» ABOUT THIS TASK:
Provide a verbatim copy of the data below.

» RECORDS SUPPLIED:
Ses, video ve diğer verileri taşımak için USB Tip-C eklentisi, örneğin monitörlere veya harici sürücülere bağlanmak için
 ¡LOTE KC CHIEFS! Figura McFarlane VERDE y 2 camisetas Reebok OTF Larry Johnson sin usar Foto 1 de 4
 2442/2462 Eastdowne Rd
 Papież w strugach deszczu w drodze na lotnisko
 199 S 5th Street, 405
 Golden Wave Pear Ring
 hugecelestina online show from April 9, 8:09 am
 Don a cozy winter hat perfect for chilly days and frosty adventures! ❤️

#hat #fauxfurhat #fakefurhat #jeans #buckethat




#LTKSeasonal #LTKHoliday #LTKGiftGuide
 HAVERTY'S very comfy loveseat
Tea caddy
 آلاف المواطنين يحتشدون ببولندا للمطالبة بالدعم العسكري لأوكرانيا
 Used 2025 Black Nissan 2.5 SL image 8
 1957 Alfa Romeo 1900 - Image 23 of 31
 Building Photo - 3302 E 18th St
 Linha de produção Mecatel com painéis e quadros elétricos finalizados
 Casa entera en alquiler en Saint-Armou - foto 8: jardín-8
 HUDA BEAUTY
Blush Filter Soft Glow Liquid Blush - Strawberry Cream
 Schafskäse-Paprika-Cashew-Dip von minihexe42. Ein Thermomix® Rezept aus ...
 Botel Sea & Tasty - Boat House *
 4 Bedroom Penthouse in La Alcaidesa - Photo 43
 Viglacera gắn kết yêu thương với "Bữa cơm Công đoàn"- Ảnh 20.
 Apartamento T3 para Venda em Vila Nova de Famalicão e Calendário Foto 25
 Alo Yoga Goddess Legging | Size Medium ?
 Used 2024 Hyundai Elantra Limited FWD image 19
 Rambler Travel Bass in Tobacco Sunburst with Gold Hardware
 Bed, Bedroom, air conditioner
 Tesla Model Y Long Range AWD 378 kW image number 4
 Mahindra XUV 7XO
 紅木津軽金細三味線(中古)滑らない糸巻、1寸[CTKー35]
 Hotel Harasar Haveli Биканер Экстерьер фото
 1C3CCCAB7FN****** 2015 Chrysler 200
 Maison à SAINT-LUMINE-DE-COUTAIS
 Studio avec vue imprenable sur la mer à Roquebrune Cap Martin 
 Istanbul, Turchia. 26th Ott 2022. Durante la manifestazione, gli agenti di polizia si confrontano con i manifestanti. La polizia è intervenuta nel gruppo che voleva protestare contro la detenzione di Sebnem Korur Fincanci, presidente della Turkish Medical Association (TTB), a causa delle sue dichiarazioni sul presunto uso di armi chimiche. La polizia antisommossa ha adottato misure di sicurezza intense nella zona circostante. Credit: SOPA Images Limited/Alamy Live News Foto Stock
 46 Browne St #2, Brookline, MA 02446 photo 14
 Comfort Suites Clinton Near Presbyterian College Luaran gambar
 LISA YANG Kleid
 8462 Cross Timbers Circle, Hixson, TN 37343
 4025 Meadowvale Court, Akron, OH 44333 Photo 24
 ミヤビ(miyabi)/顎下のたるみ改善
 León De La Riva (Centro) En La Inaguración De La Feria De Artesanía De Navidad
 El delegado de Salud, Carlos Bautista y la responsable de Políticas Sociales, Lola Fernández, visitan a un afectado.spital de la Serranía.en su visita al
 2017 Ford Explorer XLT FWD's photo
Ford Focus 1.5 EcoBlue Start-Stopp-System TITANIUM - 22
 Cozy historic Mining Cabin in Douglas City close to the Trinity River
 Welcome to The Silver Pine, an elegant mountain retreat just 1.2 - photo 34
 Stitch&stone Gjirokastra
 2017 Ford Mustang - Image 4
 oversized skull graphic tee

» SOLUTION TO THE EXERCISE:
Ses, video ve diğer verileri taşımak için USB Tip-C eklentisi, örneğin monitörlere veya harici sürücülere bağlanmak için
 ¡LOTE KC CHIEFS! Figura McFarlane VERDE y 2 camisetas Reebok OTF Larry Johnson sin usar Foto 1 de 4
 2442/2462 Eastdowne Rd
 Papież w strugach deszczu w drodze na lotnisko
 199 S 5th Street, 405
 Golden Wave Pear Ring
 hugecelestina online show from April 9, 8:09 am
 Don a cozy winter hat perfect for chilly days and frosty adventures! ❤️

#hat #fauxfurhat #fakefurhat #jeans #buckethat




#LTKSeasonal #LTKHoliday #LTKGiftGuide
 HAVERTY'S very comfy loveseat
Tea caddy
 آلاف المواطنين يحتشدون ببولندا للمطالبة بالدعم العسكري لأوكرانيا
 Used 2025 Black Nissan 2.5 SL image 8
 1957 Alfa Romeo 1900 - Image 23 of 31
 Building Photo - 3302 E 18th St
 Linha de produção Mecatel com painéis e quadros elétricos finalizados
 Casa entera en alquiler en Saint-Armou - foto 8: jardín-8
 HUDA BEAUTY
Blush Filter Soft Glow Liquid Blush - Strawberry Cream
 Schafskäse-Paprika-Cashew-Dip von minihexe42. Ein Thermomix® Rezept aus ...
 Botel Sea & Tasty - Boat House *
 4 Bedroom Penthouse in La Alcaidesa - Photo 43
 Viglacera gắn kết yêu thương với "Bữa cơm Công đoàn"- Ảnh 20.
 Apartamento T3 para Venda em Vila Nova de Famalicão e Calendário Foto 25
 Alo Yoga Goddess Legging | Size Medium ?
 Used 2024 Hyundai Elantra Limited FWD image 19
 Rambler Travel Bass in Tobacco Sunburst with Gold Hardware
 Bed, Bedroom, air conditioner
 Tesla Model Y Long Range AWD 378 kW image number 4
 Mahindra XUV 7XO
 紅木津軽金細三味線(中古)滑らない糸巻、1寸[CTKー35]
 Hotel Harasar Haveli Биканер Экстерьер фото
 1C3CCCAB7FN****** 2015 Chrysler 200
 Maison à SAINT-LUMINE-DE-COUTAIS
 Studio avec vue imprenable sur la mer à Roquebrune Cap Martin 
 Istanbul, Turchia. 26th Ott 2022. Durante la manifestazione, gli agenti di polizia si confrontano con i manifestanti. La polizia è intervenuta nel gruppo che voleva protestare contro la detenzione di Sebnem Korur Fincanci, presidente della Turkish Medical Association (TTB), a causa delle sue dichiarazioni sul presunto uso di armi chimiche. La polizia antisommossa ha adottato misure di sicurezza intense nella zona circostante. Credit: SOPA Images Limited/Alamy Live News Foto Stock
 46 Browne St #2, Brookline, MA 02446 photo 14
 Comfort Suites Clinton Near Presbyterian College Luaran gambar
 LISA YANG Kleid
 8462 Cross Timbers Circle, Hixson, TN 37343
 4025 Meadowvale Court, Akron, OH 44333 Photo 24
 ミヤビ(miyabi)/顎下のたるみ改善
 León De La Riva (Centro) En La Inaguración De La Feria De Artesanía De Navidad
 El delegado de Salud, Carlos Bautista y la responsable de Políticas Sociales, Lola Fernández, visitan a un afectado.spital de la Serranía.en su visita al
 2017 Ford Explorer XLT FWD's photo
Ford Focus 1.5 EcoBlue Start-Stopp-System TITANIUM - 22
 Cozy historic Mining Cabin in Douglas City close to the Trinity River
 Welcome to The Silver Pine, an elegant mountain retreat just 1.2 - photo 34
 Stitch&stone Gjirokastra
 2017 Ford Mustang - Image 4
 oversized skull graphic tee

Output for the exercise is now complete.